# Target Butts at Vegas???



## RedWonder (Jan 10, 2003)

Morrell M48 COMMERCIAL RANGE TARGET

http://www.morrelltargets.com/scripts/prodView.asp?idproduct=26


----------



## McCann (Feb 27, 2005)

RedWonder said:


> Morrell M48 COMMERCIAL RANGE TARGET
> 
> http://www.morrelltargets.com/scripts/prodView.asp?idproduct=26


thanks

does anyone know what they do with them after the tourney?

Marc


----------



## S4 300-60 (Mar 18, 2003)

McCann said:


> thanks
> 
> does anyone know what they do with them after the tourney?
> 
> Marc


They reuse them 950 times....that way everyone knows what it's like to pass thru one at Lville.........lol...


----------



## BOWGOD (Aug 11, 2004)

I don't get why anyone would buy the comercial range target, when you can just stack 4 of the range cubes. Range target 48x48x20 $614.99,stacked range cube 48x48x24 $419.96


----------



## pragmatic_lee (Jan 19, 2008)

BOWGOD said:


> I don't get why anyone would buy the comercial range target, when you can just stack 4 of the range cubes. Range target 48x48x20 $614.99,stacked range cube 48x48x24 $419.96


Because "they" are not spending their own money and do not have to account to anyone how/why they spend what they spend.


----------



## S4 300-60 (Mar 18, 2003)

BOWGOD said:


> I don't get why anyone would buy the comercial range target, when you can just stack 4 of the range cubes. Range target 48x48x20 $614.99,stacked range cube 48x48x24 $419.96


You are talking about 100+ targets......if you go the way of a 4 stack, now you are up to 400+ targets...let alone how to get them all up and stable on a stand.....I guess ease of use and setup are a big factor in their favor....


----------



## Brown Hornet (Aug 8, 2002)

My question would be why are they using those crap targets in the first place? :noidea:


----------



## JPE (Feb 1, 2004)

Brown Hornet said:


> My question would be why are they using those crap targets in the first place? :noidea:


What would you use instead?


----------



## rock monkey (Dec 28, 2002)

as many as the NFAA uses, they may get a good discount. 140+ bales can get REALLY expensive at single unit pricing.

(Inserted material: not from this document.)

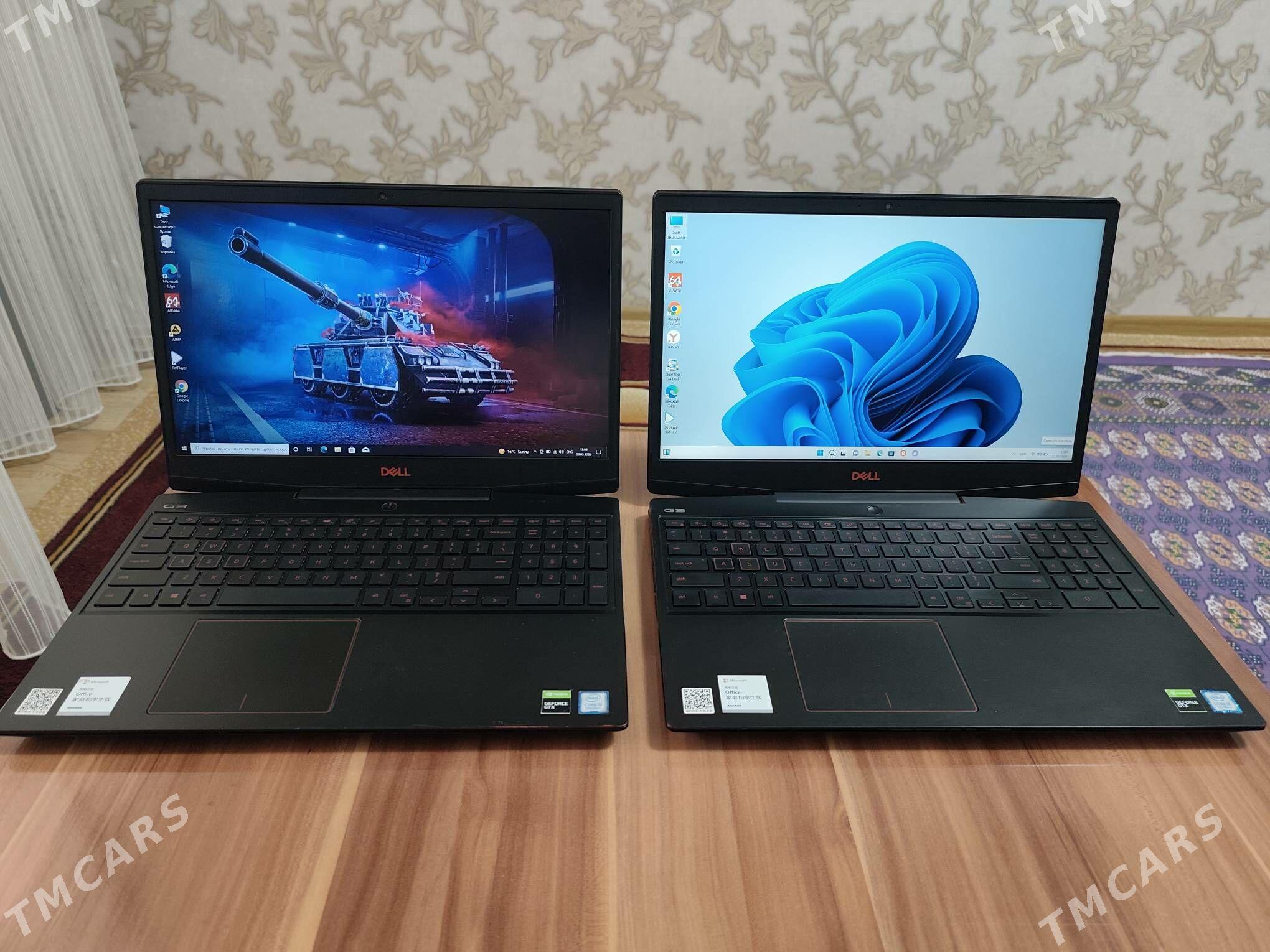 igrowoy noutbuklar GTX 1650 - Туркменабат - img 1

as fat as what they do with them afterwards?....not sure, but i can speculate. offer them to the states for their use, sell them outright to members after the final indoor event, or junk em/return them.


----------



## FS560 (May 22, 2002)

After Vegas, the target butts and frames will be loaded back on the over the road closed trailers and either spotted in Yankton or somewhere closer to the indoor national site.

NFAA owns the trailers but no tractors. The butts are stored in the trailers all year when not being used.


----------



## McCann (Feb 27, 2005)

thanks to one and all for your input.

I asked because my club is going to replace all of our indoor buttts and some of our outdoor butts. as with any group there is quite a bit of discussion going around about do we buy the targets? do we make them? do we make frames and then utilize a premanufactured butt with filler material from our old targets.....etc. the discussion has been going on for a few months and now that the budget has been approved we are still looking at what to do.

what are some of your thoughts on some of the manufactured targets that are on the market? we have discussed Spider Web, Bull Dog, Delta's Bagdad Revolution and a few others, the morrell blob being one of them. Who here has shot some of these targets and are they trully worth the $600-$700 we would have to spend on EACH butt?


thanks
Marc


----------